SSHFP & ssh-keygen

I have been using ssh-keygen to generate ssh fingerprints (SSHFP) for my hosts to add to my dns zone.

There is a small gotcha to using ssh-keygen in this case. You cannot use it to generate the resource records for a remote server. When you think about it using ssh-keygen -r to generate fingerprints (for verification purposes) of an unverified remote host wouldn’t make much sense anyway.

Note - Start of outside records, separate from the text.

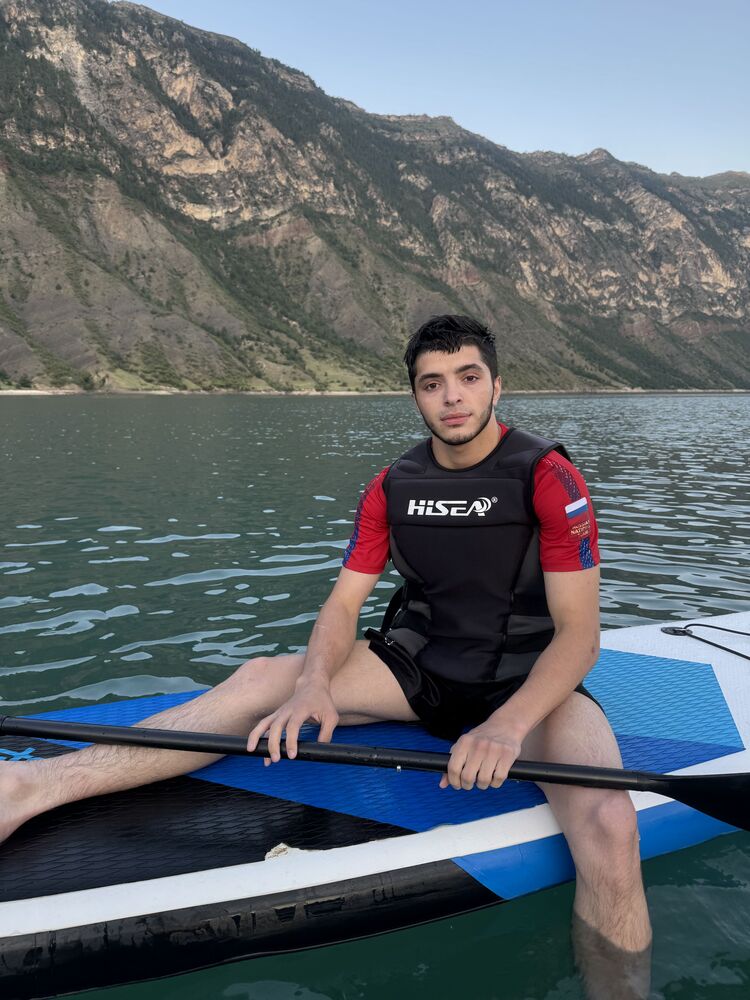 ���� 52869820 ����� Imk, 20 ���, ���� ���������� � �����-����������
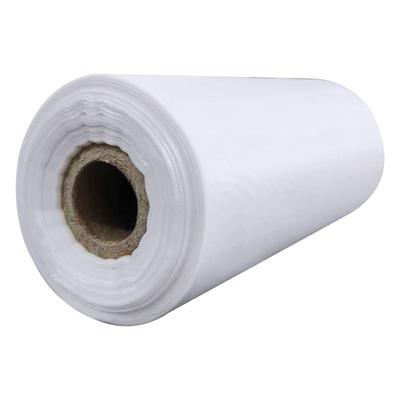 超市连卷袋加厚食品家用保鲜袋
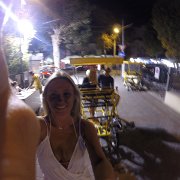 Rimini 223  DCIM\100GOPRO
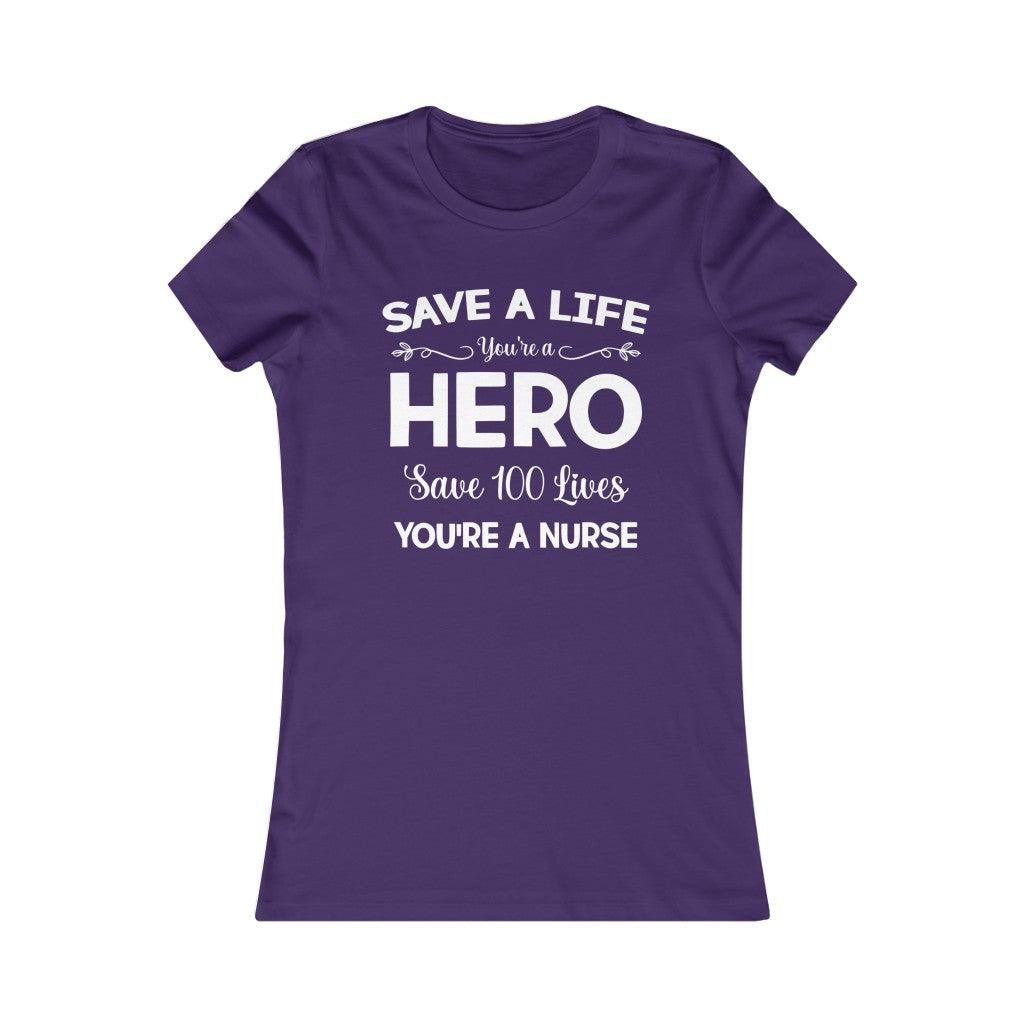 HERO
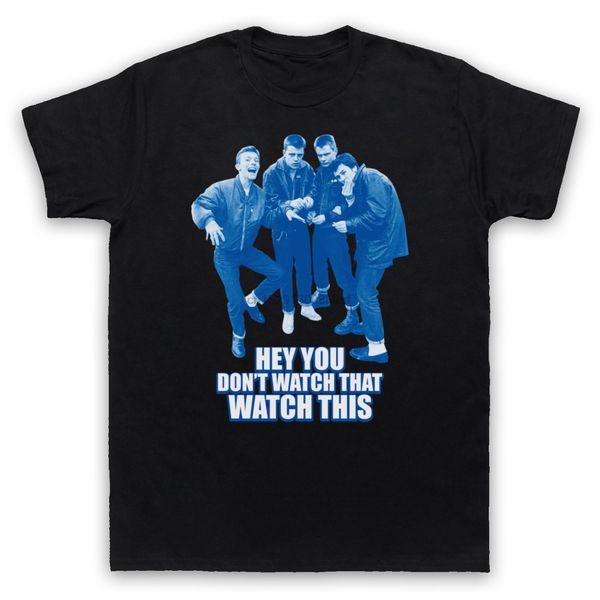 безумие one step beyond ska punk 80t рубашка взрослые печати тенниска краткости лета unisex больше размера и цвета
безумие one step beyond ska punk 80t рубашка взрослые печати тенниска краткости лета unisex больше размера и цвета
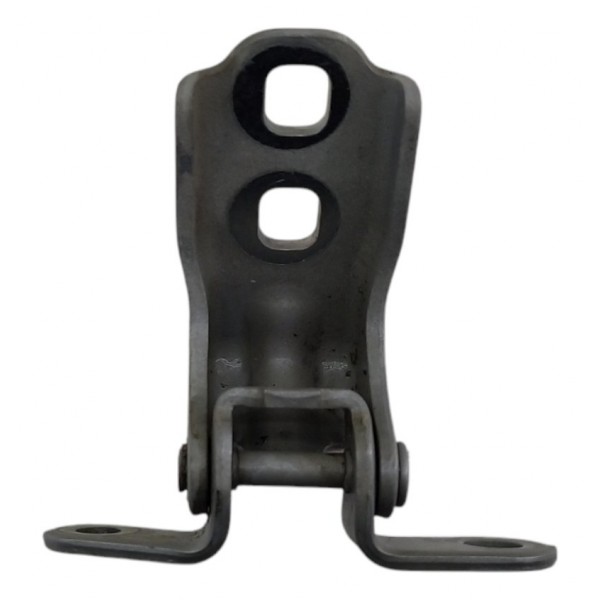 Dobradiça Porta Diant Gm Onix Le 2012 2016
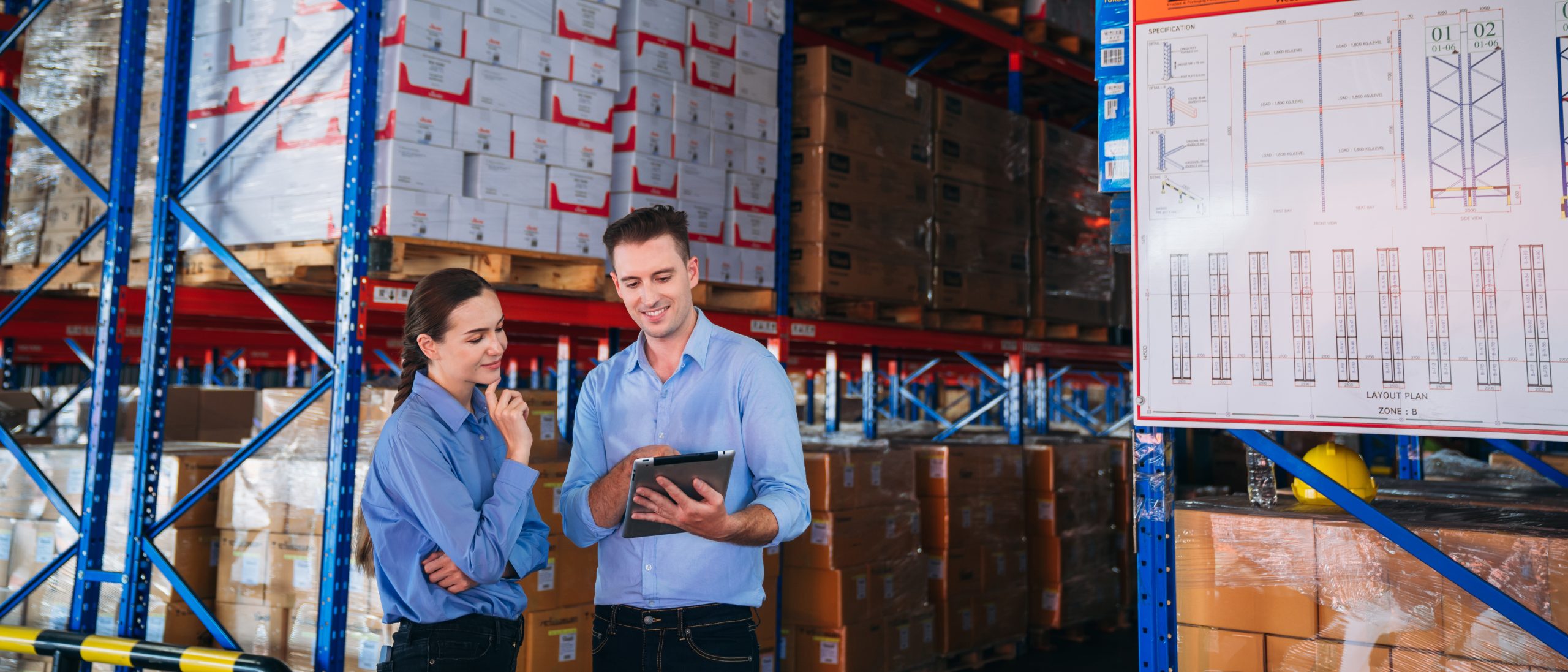 The Benefits of White-Label Customs Brokerage Services for Logistics Providers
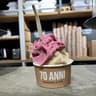 Gelateria La Romana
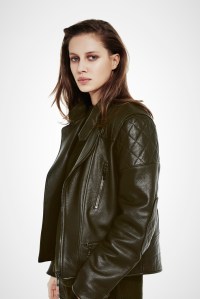 Amanda Wakeley Pre-Fall 2016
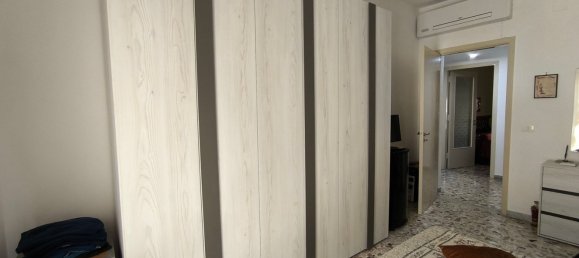 4غرفة شقة في Syracuse, Italy رقم 247861 13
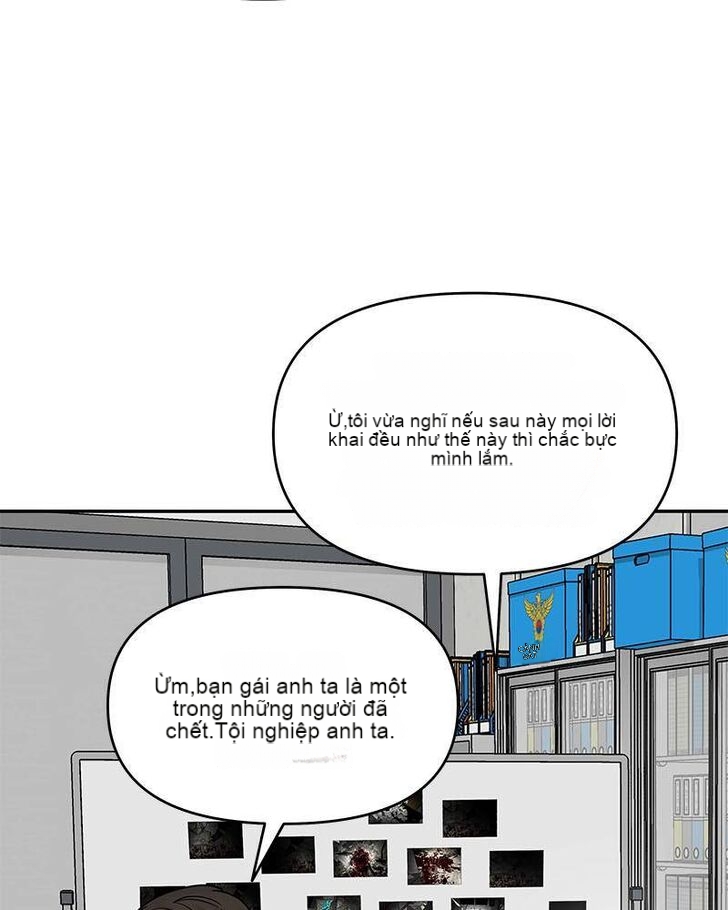 Chapter 3, page 130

A man ssh-keygen tell us this about the -r switch:

ssh-keygen -r hostname [-f input_keyfile] [-g]

and

     -r hostname
Print the SSHFP fingerprint resource record named hostname for the specified public key file.

This should have been a strong hint but I didn’t catch on.

The ssh-keygen command generates the same fingerprints regardless of the  “hostname”:

$ ssh-keygen -r test
test IN SSHFP 1 1 583446340113eb90e560f891fd3c428dabb48b26
test IN SSHFP 1 2 89d361388f53ba8273022619a1177e8213d355df4f2217337bb1b06c6b40c35a
test IN SSHFP 2 1 bdb5b4f7abb327ab232493de3876e33aa57c5cfe
test IN SSHFP 2 2 1442336c0ff86106257ecb941a9acd8292d274836bbc107a1f5b35b042802c45
$ ssh-keygen -r foobar
foobar IN SSHFP 1 1 583446340113eb90e560f891fd3c428dabb48b26
foobar IN SSHFP 1 2 89d361388f53ba8273022619a1177e8213d355df4f2217337bb1b06c6b40c35a
foobar IN SSHFP 2 1 bdb5b4f7abb327ab232493de3876e33aa57c5cfe
foobar IN SSHFP 2 2 1442336c0ff86106257ecb941a9acd8292d274836bbc107a1f5b35b042802c45

If you do not point ssh-keygen towards a specific key it will fallback to the default location for the system you are running the command on. The “hostname” is just to tell ssh-keygen what to specify as a hostname in the generated result, it does not connect you to the remote host to get the fingerprints.

However if you have the remote host’s public keys somewhere accessible you can point ssh-keygen towards it and generate the fingerprints:

ssh-keygen -r hostname -f /path/to/publickey

More general information about SSHFP can be found in RFC4255.